:: WHAT TO WORK ON ::
Without the images, print every line of the material below exactly as given.

** DATA RECORDS follows **

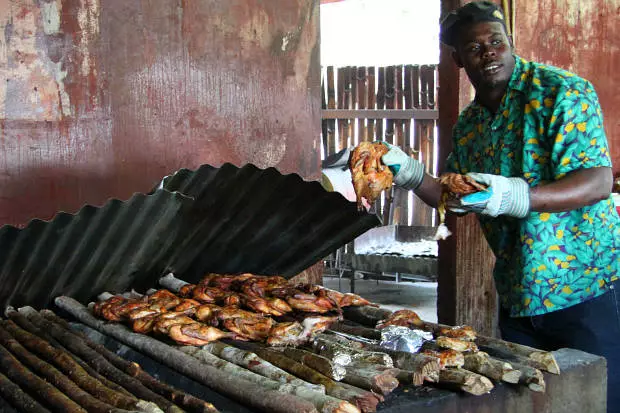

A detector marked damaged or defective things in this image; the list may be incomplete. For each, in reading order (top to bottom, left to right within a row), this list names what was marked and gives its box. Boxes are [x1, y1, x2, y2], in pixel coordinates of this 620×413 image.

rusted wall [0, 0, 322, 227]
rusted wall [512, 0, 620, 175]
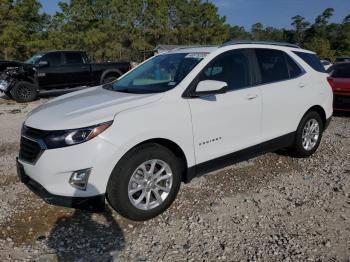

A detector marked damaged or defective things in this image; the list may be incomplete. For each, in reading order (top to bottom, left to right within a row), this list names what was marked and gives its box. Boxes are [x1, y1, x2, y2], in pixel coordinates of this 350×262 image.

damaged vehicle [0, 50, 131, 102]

** End of DATA RECORDS **

:: YOUR RESPONSE ::
A detector marked damaged or defective things in this image; the list may be incomplete. For each, in reading order (top to bottom, left to right within a row), this list names what was marked and gives its box. Boxes are [x1, y1, x2, y2], in pixel coordinates of this 620×413 image.

rusted wall [0, 0, 322, 227]
rusted wall [512, 0, 620, 175]

A detector marked damaged or defective things in this image; the list may be incomplete. For each, in reading order (top to bottom, left to right within a row), this list names what was marked and gives its box. Boxes are [x1, y1, x2, y2], in pixel coordinates of this 350×262 image.

damaged vehicle [0, 50, 131, 102]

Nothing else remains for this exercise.